B. DES DÉPENSES DONT L'URGENCE EST MANIFESTE, MAIS PAS L'IMPRÉVISIBILITÉ
1. L'urgence : nécessité et imprévisibilité
L'article 13 de la LOLF dispose que les décrets d'avance sont pris « en cas d'urgence ». Le critère d'urgence répond selon la Cour des comptes 2 ( * ) « aux deux conditions que sont la nécessité , constatée au moment où est préparé le décret d'avance, et l' imprévisibilité des dépenses auxquelles ce dernier doit faire face ».
Ces deux composantes ne sont pas précisées explicitement dans la LOLF, mais elles se déduisent du caractère dérogatoire du décret d'avance. En effet, l'urgence ne saurait s'apprécier au seul regard de la nécessité d'ouvrir les crédits dans un délai contraint : toutes les dépenses du budget de l'État pourraient alors être considérées, à un moment ou à un autre de l'année, « urgentes ». En outre, le décret d'avance est défini comme un dispositif « exceptionnel » puisqu'il contrevient au principe selon lequel les crédits budgétaires ne peuvent être modifiés que par une loi de finances . Le caractère dérogatoire du décret d'avance implique donc que les dépenses qu'il finance n'auraient pas pu être intégrées à une loi de finances.
À ce titre, l'urgence est manifeste mais ne découle pas forcément d'évènements imprévisibles : dans le cas de l'ADA et de l'indemnisation des vétérinaires sanitaires, les dépenses étaient sous-budgétées en loi de finances initiale pour 2016.

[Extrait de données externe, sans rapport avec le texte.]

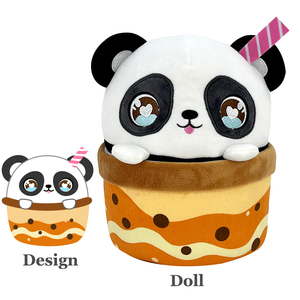 Gemaakt op bestelling schattig knuffel-eetbaar unicorn koffiemok pluche speelgoed zacht pluche dieren knuffels sleutelhanger met klein handje en schitterende ogen - Product Image 2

2. Des dépenses qui auraient pu et dû être budgétisées en loi de finances initiale et débattues par le Parlement
L'usage répété de la procédure du décret d'avance ainsi que la mise en réserve toujours plus importante de crédits conduisent à réduire la portée et le sens de l'autorisation parlementaire : les crédits réellement disponibles pour les gestionnaires publics sont loin d'être égaux aux montants votés, et souvent âprement débattus, lors de l'examen des textes budgétaires .
Des ouvertures budgétaires d'une telle ampleur auraient pu et dû être inscrites au projet de loi de finances pour 2016 afin que le Parlement puisse en débattre. En effet, les ouvertures sont pour l'essentiel liées à la mise en place du plan d'urgence pour l'emploi, que le Président de la République François Hollande a annoncé moins de trois semaines après la promulgation de la loi de finances initiale pour 2016 .
* 2 Cour des comptes, « Rapport sur les crédits du budget de l'État ouverts par décret d'avance », décembre 2014, p. 12.